§ **AIM OF THE TASK**
Output the entries below unchanged, except for the pictures.

(Scraped caption text data)
◇ ◇ ◇ ◇
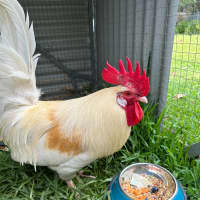 Photo of Herbert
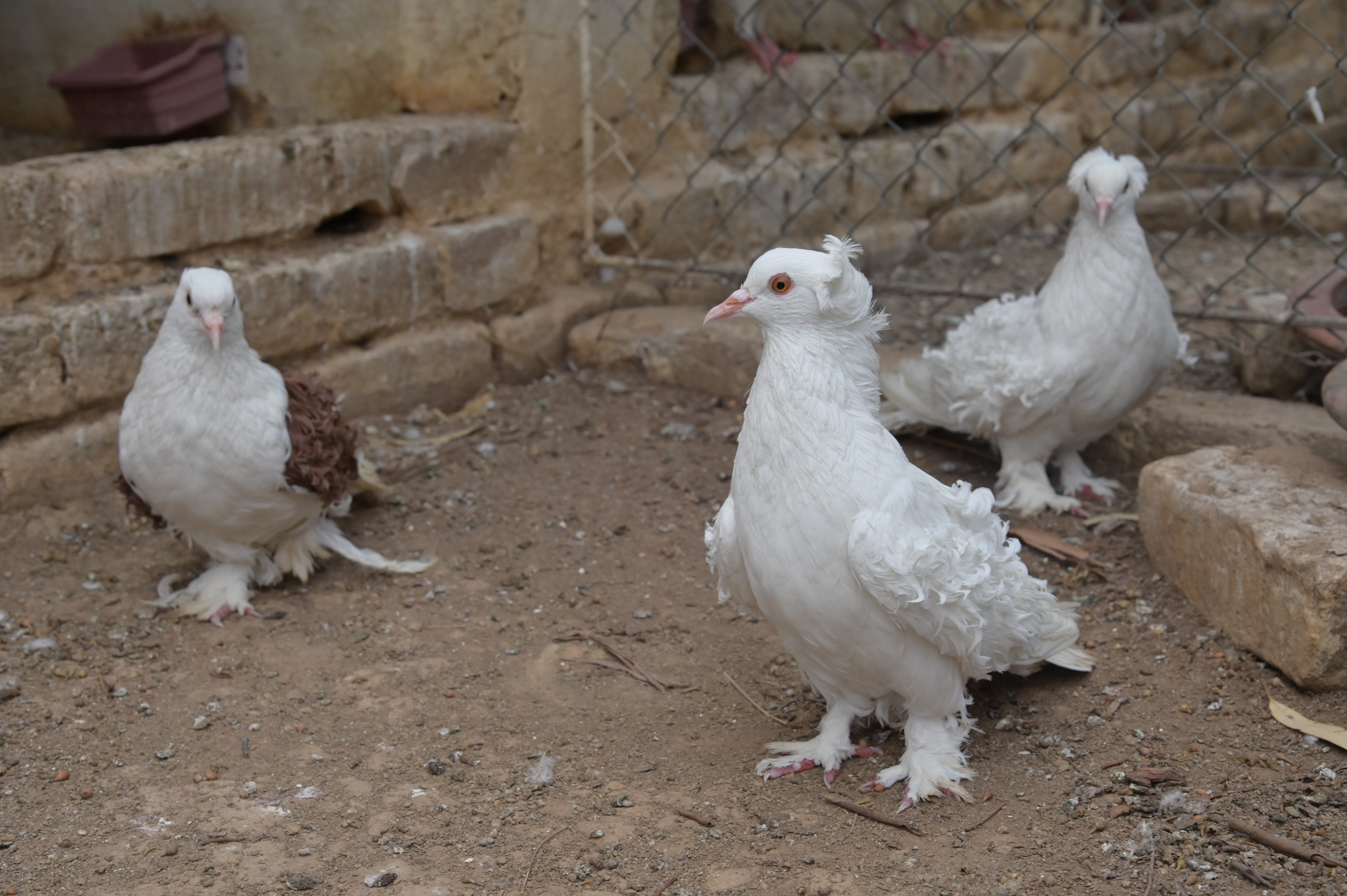 The White Frillback Pigeons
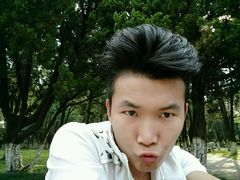 -潘太师炸鸡腿(中茵海华广场店)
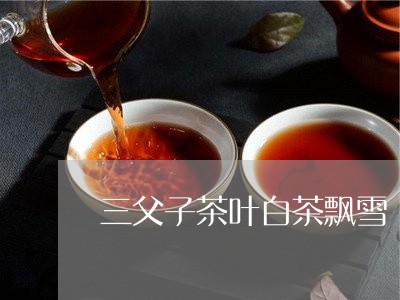 三父子茶叶白茶飘雪/2023071416158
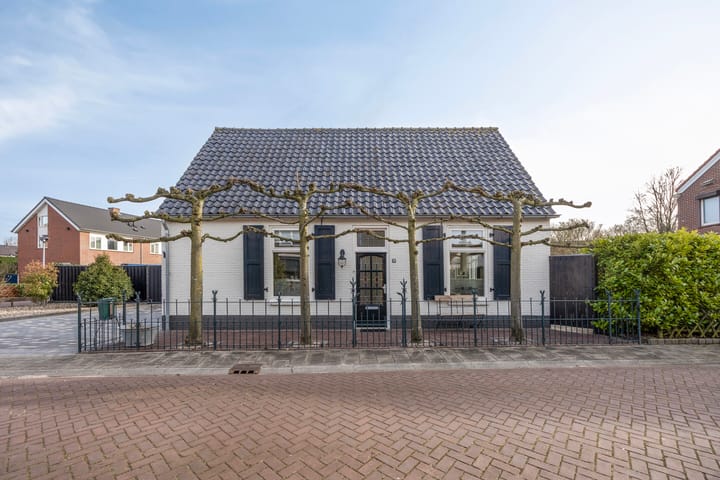 undefined main image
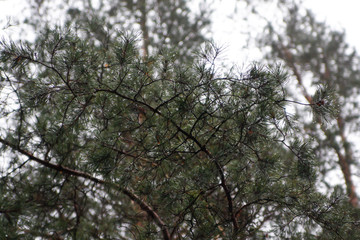 Beautiful winter view of pine branch details.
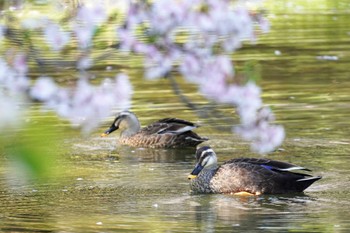 カルガモ 大阪府 2023年4月1日(土)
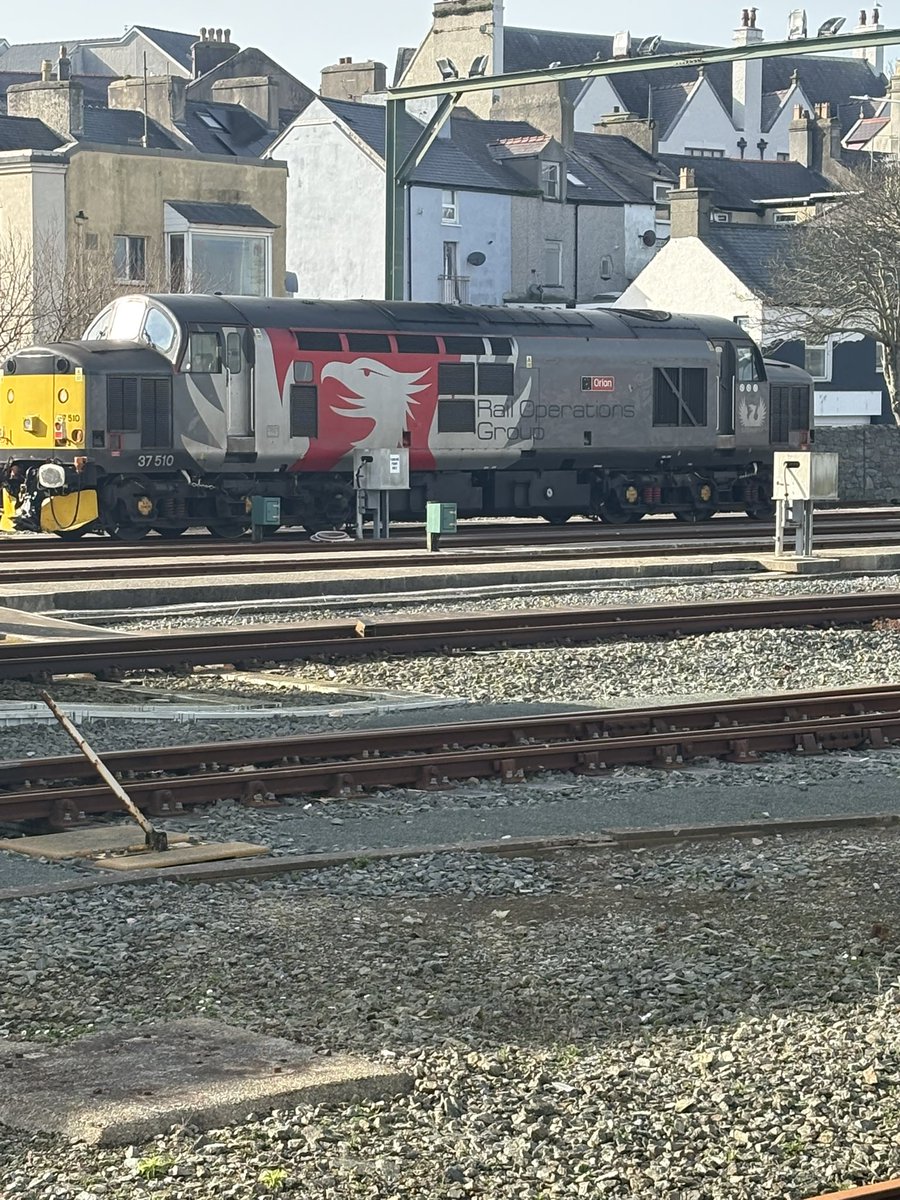 Griff Webber tweet media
◇ ◇ ◇ ◇
§ **PROBLEM SOLUTION**
 Photo of Herbert
 The White Frillback Pigeons
 -潘太师炸鸡腿(中茵海华广场店)
 三父子茶叶白茶飘雪/2023071416158
 undefined main image
 Beautiful winter view of pine branch details.
 カルガモ 大阪府 2023年4月1日(土)
 Griff Webber tweet media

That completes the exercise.